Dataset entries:
******************************

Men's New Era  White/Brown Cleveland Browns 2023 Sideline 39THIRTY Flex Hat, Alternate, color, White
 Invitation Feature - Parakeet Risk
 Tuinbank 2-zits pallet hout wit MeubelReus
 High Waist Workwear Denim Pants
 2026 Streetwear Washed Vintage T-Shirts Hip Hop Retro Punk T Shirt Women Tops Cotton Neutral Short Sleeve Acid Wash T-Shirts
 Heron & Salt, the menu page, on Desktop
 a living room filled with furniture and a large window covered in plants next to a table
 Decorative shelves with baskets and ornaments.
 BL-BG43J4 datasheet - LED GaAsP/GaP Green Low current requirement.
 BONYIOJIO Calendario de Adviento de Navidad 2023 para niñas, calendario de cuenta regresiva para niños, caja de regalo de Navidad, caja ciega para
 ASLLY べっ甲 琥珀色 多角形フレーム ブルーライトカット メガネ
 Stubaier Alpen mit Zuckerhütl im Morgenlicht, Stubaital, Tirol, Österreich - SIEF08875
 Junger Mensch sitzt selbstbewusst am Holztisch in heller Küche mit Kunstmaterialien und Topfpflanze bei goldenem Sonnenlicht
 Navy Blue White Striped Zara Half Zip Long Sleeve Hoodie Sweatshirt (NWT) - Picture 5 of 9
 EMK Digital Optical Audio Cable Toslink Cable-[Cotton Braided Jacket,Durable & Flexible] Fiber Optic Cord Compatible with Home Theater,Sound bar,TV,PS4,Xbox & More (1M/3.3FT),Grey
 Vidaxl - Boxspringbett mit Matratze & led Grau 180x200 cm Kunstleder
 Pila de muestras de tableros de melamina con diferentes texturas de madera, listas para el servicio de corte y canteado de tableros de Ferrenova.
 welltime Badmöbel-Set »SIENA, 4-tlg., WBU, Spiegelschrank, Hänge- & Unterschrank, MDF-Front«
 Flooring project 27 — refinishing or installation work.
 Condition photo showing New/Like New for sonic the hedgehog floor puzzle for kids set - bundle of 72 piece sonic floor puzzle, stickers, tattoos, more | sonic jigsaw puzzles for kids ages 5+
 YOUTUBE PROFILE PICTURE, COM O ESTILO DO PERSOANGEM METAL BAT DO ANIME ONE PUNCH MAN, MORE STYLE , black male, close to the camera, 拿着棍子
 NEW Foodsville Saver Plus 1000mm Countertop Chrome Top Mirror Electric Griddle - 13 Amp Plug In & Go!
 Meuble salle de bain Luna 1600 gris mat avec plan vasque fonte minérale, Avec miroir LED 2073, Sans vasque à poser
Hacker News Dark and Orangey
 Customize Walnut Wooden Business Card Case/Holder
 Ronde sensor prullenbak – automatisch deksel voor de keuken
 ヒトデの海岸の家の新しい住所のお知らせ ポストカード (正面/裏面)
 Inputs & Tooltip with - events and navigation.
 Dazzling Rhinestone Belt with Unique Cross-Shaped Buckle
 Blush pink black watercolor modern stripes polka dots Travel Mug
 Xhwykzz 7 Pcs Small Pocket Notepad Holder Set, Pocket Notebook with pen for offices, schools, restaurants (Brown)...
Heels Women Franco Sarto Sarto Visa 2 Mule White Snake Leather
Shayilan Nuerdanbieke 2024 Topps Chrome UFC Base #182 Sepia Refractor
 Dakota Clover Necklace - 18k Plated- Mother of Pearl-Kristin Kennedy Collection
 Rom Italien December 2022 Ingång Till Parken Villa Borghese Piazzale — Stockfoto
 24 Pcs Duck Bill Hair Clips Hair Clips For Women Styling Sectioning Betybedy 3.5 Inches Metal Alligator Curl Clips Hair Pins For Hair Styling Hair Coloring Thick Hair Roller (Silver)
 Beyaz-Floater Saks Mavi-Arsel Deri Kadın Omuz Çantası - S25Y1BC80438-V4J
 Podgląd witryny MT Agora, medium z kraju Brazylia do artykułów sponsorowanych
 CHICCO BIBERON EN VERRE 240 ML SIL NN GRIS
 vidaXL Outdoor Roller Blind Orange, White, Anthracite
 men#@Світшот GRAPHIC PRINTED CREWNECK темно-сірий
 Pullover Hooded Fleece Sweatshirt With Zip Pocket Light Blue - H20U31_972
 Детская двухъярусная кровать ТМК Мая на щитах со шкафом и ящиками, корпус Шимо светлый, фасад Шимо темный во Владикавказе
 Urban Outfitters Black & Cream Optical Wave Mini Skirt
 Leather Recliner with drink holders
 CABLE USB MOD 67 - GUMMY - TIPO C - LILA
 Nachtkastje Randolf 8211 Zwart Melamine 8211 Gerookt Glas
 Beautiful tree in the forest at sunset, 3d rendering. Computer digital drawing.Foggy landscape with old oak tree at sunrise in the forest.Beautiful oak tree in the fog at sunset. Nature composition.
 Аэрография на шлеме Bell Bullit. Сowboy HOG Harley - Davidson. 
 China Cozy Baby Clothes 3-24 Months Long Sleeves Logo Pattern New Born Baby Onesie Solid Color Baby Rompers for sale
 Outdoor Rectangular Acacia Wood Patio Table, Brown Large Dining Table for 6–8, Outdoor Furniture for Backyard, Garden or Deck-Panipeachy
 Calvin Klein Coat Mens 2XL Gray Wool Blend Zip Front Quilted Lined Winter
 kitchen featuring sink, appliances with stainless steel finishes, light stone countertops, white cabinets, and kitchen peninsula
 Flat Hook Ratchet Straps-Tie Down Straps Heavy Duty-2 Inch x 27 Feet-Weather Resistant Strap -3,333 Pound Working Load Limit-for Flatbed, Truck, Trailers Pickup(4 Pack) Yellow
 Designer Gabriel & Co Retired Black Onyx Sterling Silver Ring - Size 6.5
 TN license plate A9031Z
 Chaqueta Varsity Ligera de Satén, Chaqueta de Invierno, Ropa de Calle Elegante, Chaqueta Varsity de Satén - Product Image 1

******************************

For this exercise, output exactly the lines above from the line with "BL-BG43J4 datasheet - LED" to the line with "ASLLY べっ甲 琥珀色 多角形フレーム ブルーライトカット メガネ", counting both, and leave out the rest.

 BL-BG43J4 datasheet - LED GaAsP/GaP Green Low current requirement.
 BONYIOJIO Calendario de Adviento de Navidad 2023 para niñas, calendario de cuenta regresiva para niños, caja de regalo de Navidad, caja ciega para
 ASLLY べっ甲 琥珀色 多角形フレーム ブルーライトカット メガネ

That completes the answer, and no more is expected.